[WORK ITEM]
Each entry below must be repeated word for word.

[THE DATA]

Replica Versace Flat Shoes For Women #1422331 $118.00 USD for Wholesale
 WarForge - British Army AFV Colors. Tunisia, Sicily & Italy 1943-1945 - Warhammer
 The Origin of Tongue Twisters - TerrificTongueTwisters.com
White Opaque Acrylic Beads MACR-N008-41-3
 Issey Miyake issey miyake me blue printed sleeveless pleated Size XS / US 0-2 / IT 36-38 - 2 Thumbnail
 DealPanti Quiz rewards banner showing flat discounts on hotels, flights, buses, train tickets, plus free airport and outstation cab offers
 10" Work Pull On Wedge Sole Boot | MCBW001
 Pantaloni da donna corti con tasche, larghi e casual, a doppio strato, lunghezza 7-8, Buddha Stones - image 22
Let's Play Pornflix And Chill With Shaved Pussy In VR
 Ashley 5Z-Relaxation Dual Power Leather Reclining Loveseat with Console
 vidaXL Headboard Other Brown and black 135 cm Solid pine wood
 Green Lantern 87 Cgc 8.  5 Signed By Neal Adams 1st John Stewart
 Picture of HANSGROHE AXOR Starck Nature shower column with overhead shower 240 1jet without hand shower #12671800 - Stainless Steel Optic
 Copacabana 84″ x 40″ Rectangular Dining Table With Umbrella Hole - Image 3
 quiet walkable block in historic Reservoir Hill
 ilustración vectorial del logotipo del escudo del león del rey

[OUTPUT]
Replica Versace Flat Shoes For Women #1422331 $118.00 USD for Wholesale
 WarForge - British Army AFV Colors. Tunisia, Sicily & Italy 1943-1945 - Warhammer
 The Origin of Tongue Twisters - TerrificTongueTwisters.com
White Opaque Acrylic Beads MACR-N008-41-3
 Issey Miyake issey miyake me blue printed sleeveless pleated Size XS / US 0-2 / IT 36-38 - 2 Thumbnail
 DealPanti Quiz rewards banner showing flat discounts on hotels, flights, buses, train tickets, plus free airport and outstation cab offers
 10" Work Pull On Wedge Sole Boot | MCBW001
 Pantaloni da donna corti con tasche, larghi e casual, a doppio strato, lunghezza 7-8, Buddha Stones - image 22
Let's Play Pornflix And Chill With Shaved Pussy In VR
 Ashley 5Z-Relaxation Dual Power Leather Reclining Loveseat with Console
 vidaXL Headboard Other Brown and black 135 cm Solid pine wood
 Green Lantern 87 Cgc 8.  5 Signed By Neal Adams 1st John Stewart
 Picture of HANSGROHE AXOR Starck Nature shower column with overhead shower 240 1jet without hand shower #12671800 - Stainless Steel Optic
 Copacabana 84″ x 40″ Rectangular Dining Table With Umbrella Hole - Image 3
 quiet walkable block in historic Reservoir Hill
 ilustración vectorial del logotipo del escudo del león del rey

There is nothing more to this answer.